Responsible for one of the most eclectic catalogs of recent memory, Fantômas return with Suspended Animation, a thirty-track set that both celebrates the art of cartoon composition and the many reasons to behold the fourth month of our calendar, April (with one piece for each day of the month). Who knew that April is subtitled “national humor and anxiety month”? Who knew that the dreaded April 15 was actually titled “That Sucks Day” or that April 24 marks the beginning of National Karaoke Week? Leave it to the creative minds behind Fantômas to enlighten us to the many forgotten holidays throughout April.
The brainchild of Mike Patton, Fantômas is an anti-hero from a series of pre-WWI French crime novels, sometimes dubbed the “lord of terror.” Rounding out the ensemble are Buzz Osborne on guitar (Melvins), Trevor Dunn on bass (Mr. Bungle, Trevor Dunn’s Trio Convulsant) and Dave Lombardo on drums (Slayer).
Fantômas’ three previous releases have regaled listeners with a sci-fi homage (Fantômas, 1999), a celebration of the best in film composition (Director’s Cut, 2001) and a one song album (Delirium Cordia, 2004). As Rolling Stone said in their review of Delirium Cordia: “One epic seventy-four minute noise-rock song. What’s not to like?” Now with Suspended Animation, the quartet delves headlong into a new and recently unexplored genre… cartoon music. Recorded in the Spring of 2003, during the same sessions as surgically precise Delirium Cordia, Suspended Animation is the yang to Delirium Cordia’s ying. Bright and loose, Patton describes the new album as “nursery rhymes, cartoon sound effects and choppy arrangements.”

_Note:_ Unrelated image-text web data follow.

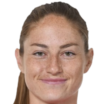 https://img.833zhibooq.com.cn/img/football/player/ad02ed2ac75dc1337fd9d49693e64d98.png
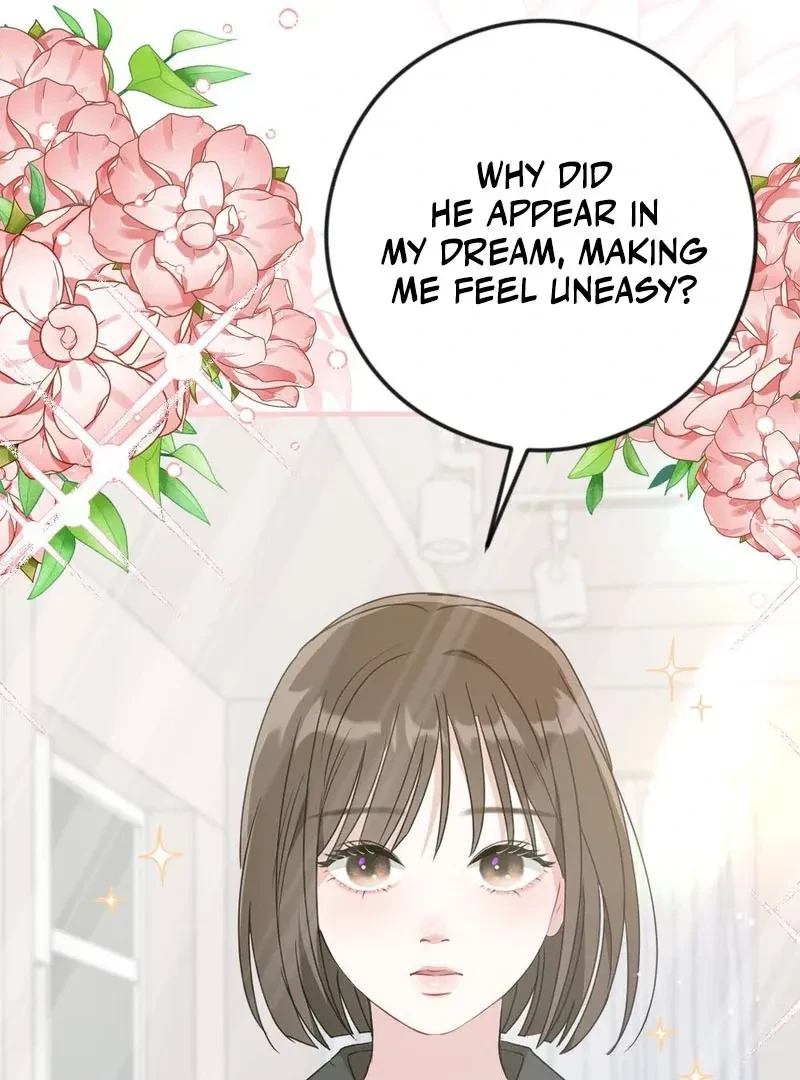 Chapter 2, page 86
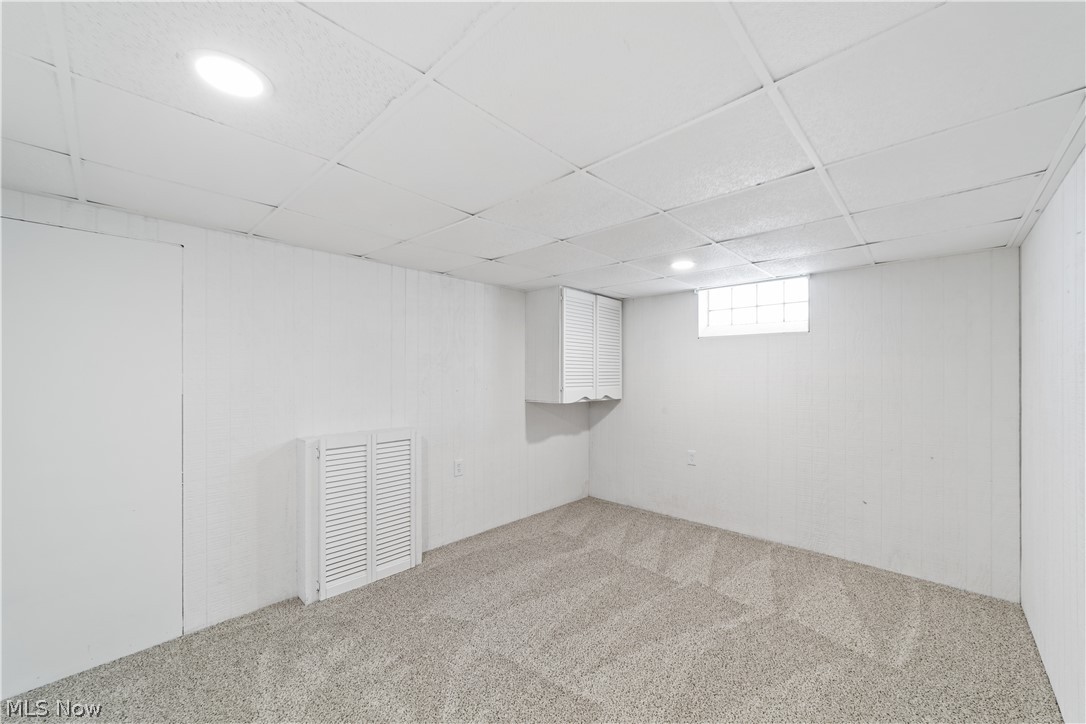 Ridgewood Gardens Anx - Residential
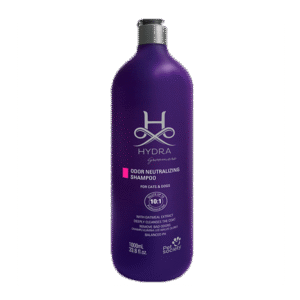 SHAMPOO HYDRA ODOR NEUTRALIZING 1000 ML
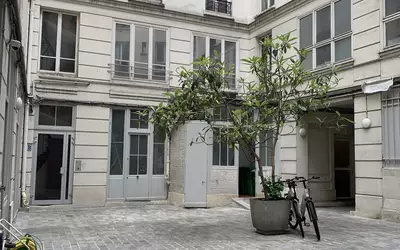 Paris 11E (75011)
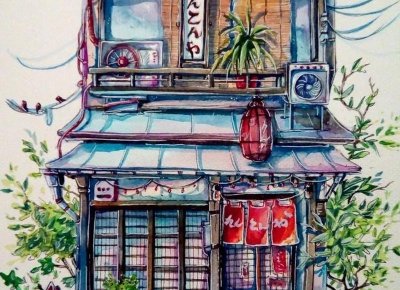 ​成都摄影（成都摄影馆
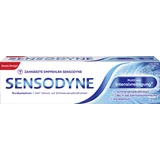 Sensodyne MultiCare Intensivreinigung Zahnpasta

As with all Ipecac releases, the artwork and packaging are just as integral to unfolding the full story as the piece of music, Suspended Animation is no different. Perhaps the most intricate packaging to date, the thirty page booklet/calendar is illustrated by Asian pop cartoonist Yoshimoto Nara. In a recent San Francisco Bay Guardian feature, Nara’s influential style was described as “cartoonlike images and sculptures of kids and puppies sporting world-weary adult expressions, major attitude and salty vocabularies.” The paper went on to say that Nara’s pieces “are among the most cutting edge of Japanese exports in the contemporary art world.”